_Data for review_.
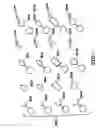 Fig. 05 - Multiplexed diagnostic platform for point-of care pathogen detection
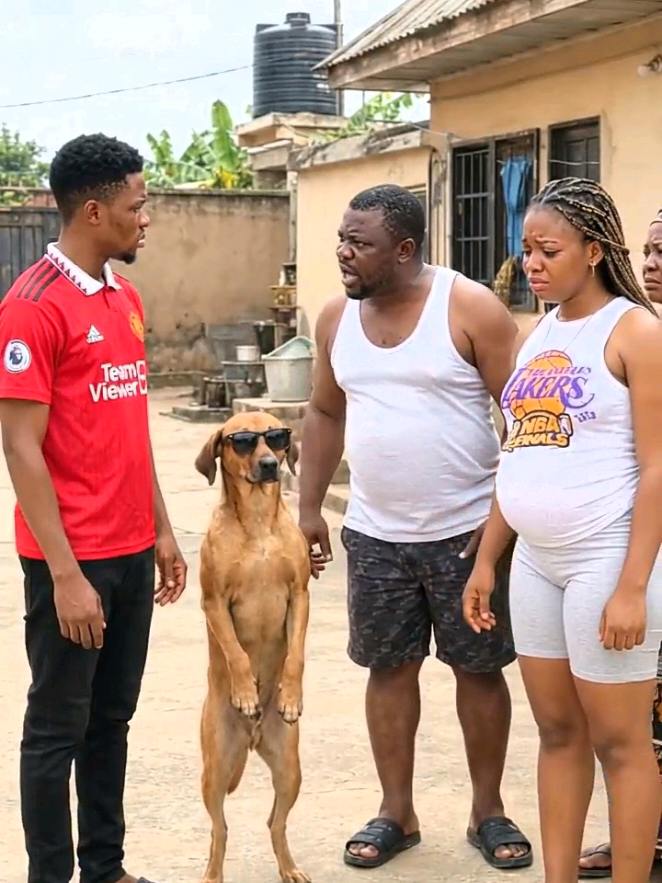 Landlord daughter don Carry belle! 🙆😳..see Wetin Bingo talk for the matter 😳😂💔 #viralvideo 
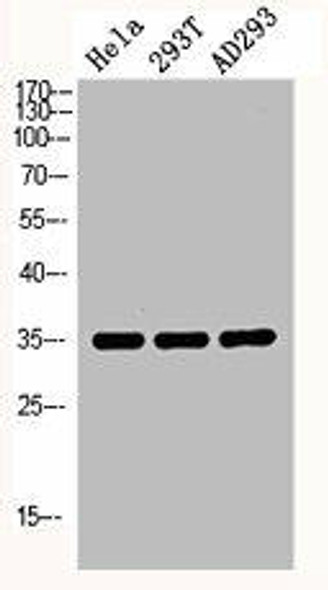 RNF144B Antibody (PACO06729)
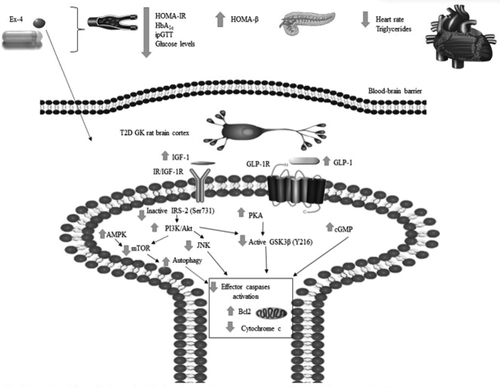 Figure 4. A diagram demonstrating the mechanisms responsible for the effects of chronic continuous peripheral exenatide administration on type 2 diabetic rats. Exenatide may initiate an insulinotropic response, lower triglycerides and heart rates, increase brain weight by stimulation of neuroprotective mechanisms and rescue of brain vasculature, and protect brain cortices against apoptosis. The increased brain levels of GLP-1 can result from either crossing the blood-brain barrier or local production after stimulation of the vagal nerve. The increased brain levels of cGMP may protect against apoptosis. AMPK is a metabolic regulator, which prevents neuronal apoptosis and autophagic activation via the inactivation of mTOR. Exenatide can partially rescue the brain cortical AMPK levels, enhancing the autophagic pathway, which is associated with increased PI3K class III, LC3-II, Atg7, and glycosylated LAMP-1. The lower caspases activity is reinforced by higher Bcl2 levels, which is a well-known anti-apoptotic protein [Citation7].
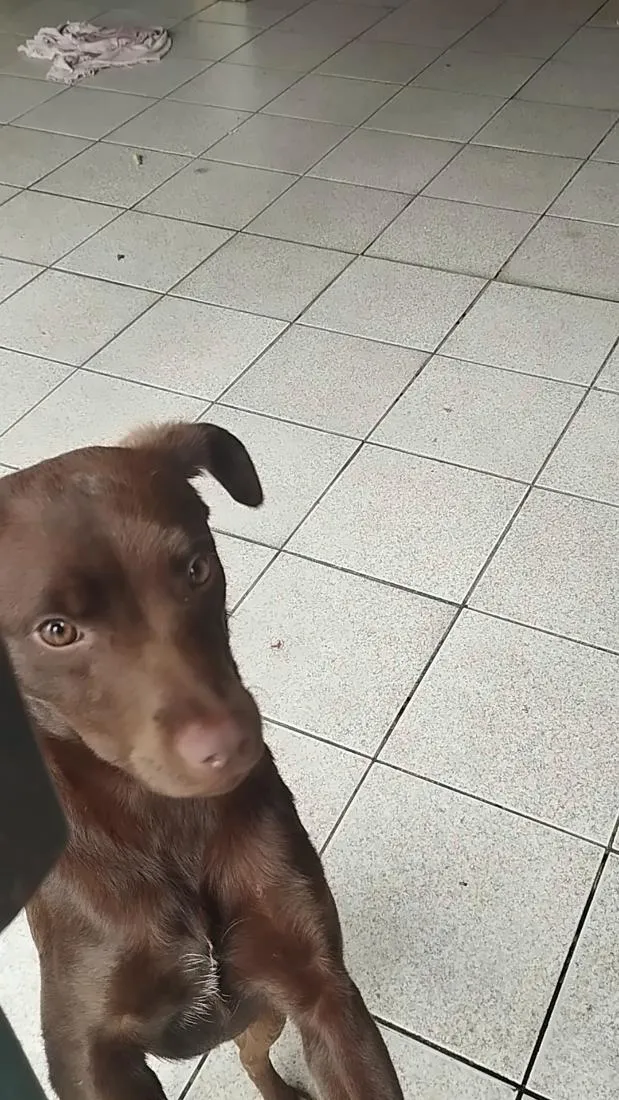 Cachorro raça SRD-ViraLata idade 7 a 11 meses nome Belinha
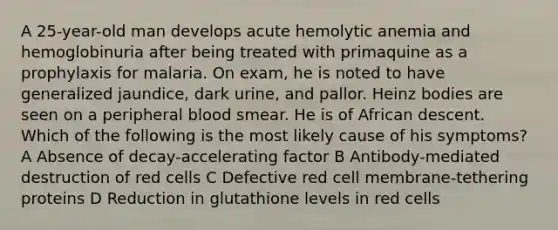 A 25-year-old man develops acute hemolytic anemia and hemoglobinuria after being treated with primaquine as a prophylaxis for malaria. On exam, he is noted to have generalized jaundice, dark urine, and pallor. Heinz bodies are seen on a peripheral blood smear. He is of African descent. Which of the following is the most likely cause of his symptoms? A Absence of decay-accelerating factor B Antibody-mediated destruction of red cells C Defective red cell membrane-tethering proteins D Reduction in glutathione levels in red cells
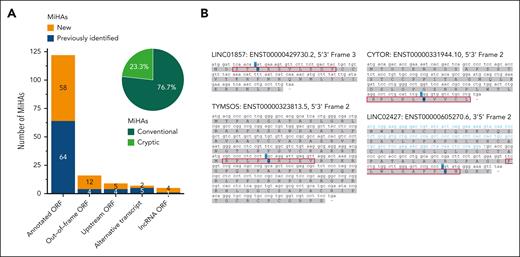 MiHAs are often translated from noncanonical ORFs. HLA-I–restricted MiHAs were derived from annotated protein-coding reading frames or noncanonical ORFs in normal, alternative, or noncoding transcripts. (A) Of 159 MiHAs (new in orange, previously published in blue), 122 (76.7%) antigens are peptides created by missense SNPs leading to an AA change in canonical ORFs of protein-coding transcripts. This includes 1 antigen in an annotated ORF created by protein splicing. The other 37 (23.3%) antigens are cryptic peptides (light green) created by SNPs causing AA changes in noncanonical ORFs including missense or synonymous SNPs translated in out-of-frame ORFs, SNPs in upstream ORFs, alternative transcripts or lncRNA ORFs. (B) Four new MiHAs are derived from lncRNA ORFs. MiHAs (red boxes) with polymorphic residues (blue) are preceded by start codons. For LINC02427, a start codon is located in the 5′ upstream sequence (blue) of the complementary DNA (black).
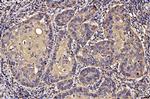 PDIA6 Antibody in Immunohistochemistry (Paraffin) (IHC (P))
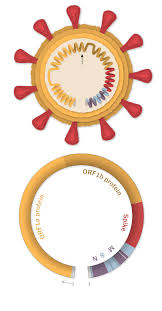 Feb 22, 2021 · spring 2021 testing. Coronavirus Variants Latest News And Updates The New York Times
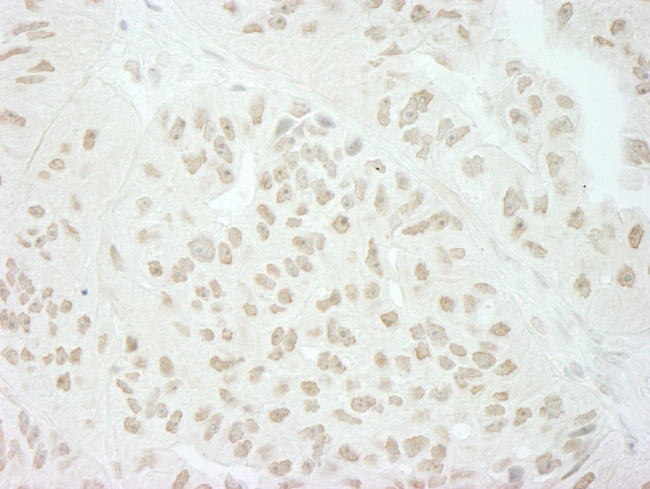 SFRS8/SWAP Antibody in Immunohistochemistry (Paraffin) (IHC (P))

_Task objective_. The task calls for all records to be set down precisely, excluding any images.

_Answer to this task_.
 Fig. 05 - Multiplexed diagnostic platform for point-of care pathogen detection
 Landlord daughter don Carry belle! 🙆😳..see Wetin Bingo talk for the matter 😳😂💔 #viralvideo 
 RNF144B Antibody (PACO06729)
 Figure 4. A diagram demonstrating the mechanisms responsible for the effects of chronic continuous peripheral exenatide administration on type 2 diabetic rats. Exenatide may initiate an insulinotropic response, lower triglycerides and heart rates, increase brain weight by stimulation of neuroprotective mechanisms and rescue of brain vasculature, and protect brain cortices against apoptosis. The increased brain levels of GLP-1 can result from either crossing the blood-brain barrier or local production after stimulation of the vagal nerve. The increased brain levels of cGMP may protect against apoptosis. AMPK is a metabolic regulator, which prevents neuronal apoptosis and autophagic activation via the inactivation of mTOR. Exenatide can partially rescue the brain cortical AMPK levels, enhancing the autophagic pathway, which is associated with increased PI3K class III, LC3-II, Atg7, and glycosylated LAMP-1. The lower caspases activity is reinforced by higher Bcl2 levels, which is a well-known anti-apoptotic protein [Citation7].
 Cachorro raça SRD-ViraLata idade 7 a 11 meses nome Belinha
 A 25-year-old man develops acute hemolytic anemia and hemoglobinuria after being treated with primaquine as a prophylaxis for malaria. On exam, he is noted to have generalized jaundice, dark urine, and pallor. Heinz bodies are seen on a peripheral blood smear. He is of African descent. Which of the following is the most likely cause of his symptoms? A Absence of decay-accelerating factor B Antibody-mediated destruction of red cells C Defective red cell membrane-tethering proteins D Reduction in glutathione levels in red cells
 MiHAs are often translated from noncanonical ORFs. HLA-I–restricted MiHAs were derived from annotated protein-coding reading frames or noncanonical ORFs in normal, alternative, or noncoding transcripts. (A) Of 159 MiHAs (new in orange, previously published in blue), 122 (76.7%) antigens are peptides created by missense SNPs leading to an AA change in canonical ORFs of protein-coding transcripts. This includes 1 antigen in an annotated ORF created by protein splicing. The other 37 (23.3%) antigens are cryptic peptides (light green) created by SNPs causing AA changes in noncanonical ORFs including missense or synonymous SNPs translated in out-of-frame ORFs, SNPs in upstream ORFs, alternative transcripts or lncRNA ORFs. (B) Four new MiHAs are derived from lncRNA ORFs. MiHAs (red boxes) with polymorphic residues (blue) are preceded by start codons. For LINC02427, a start codon is located in the 5′ upstream sequence (blue) of the complementary DNA (black).
 PDIA6 Antibody in Immunohistochemistry (Paraffin) (IHC (P))
 Feb 22, 2021 · spring 2021 testing. Coronavirus Variants Latest News And Updates The New York Times
 SFRS8/SWAP Antibody in Immunohistochemistry (Paraffin) (IHC (P))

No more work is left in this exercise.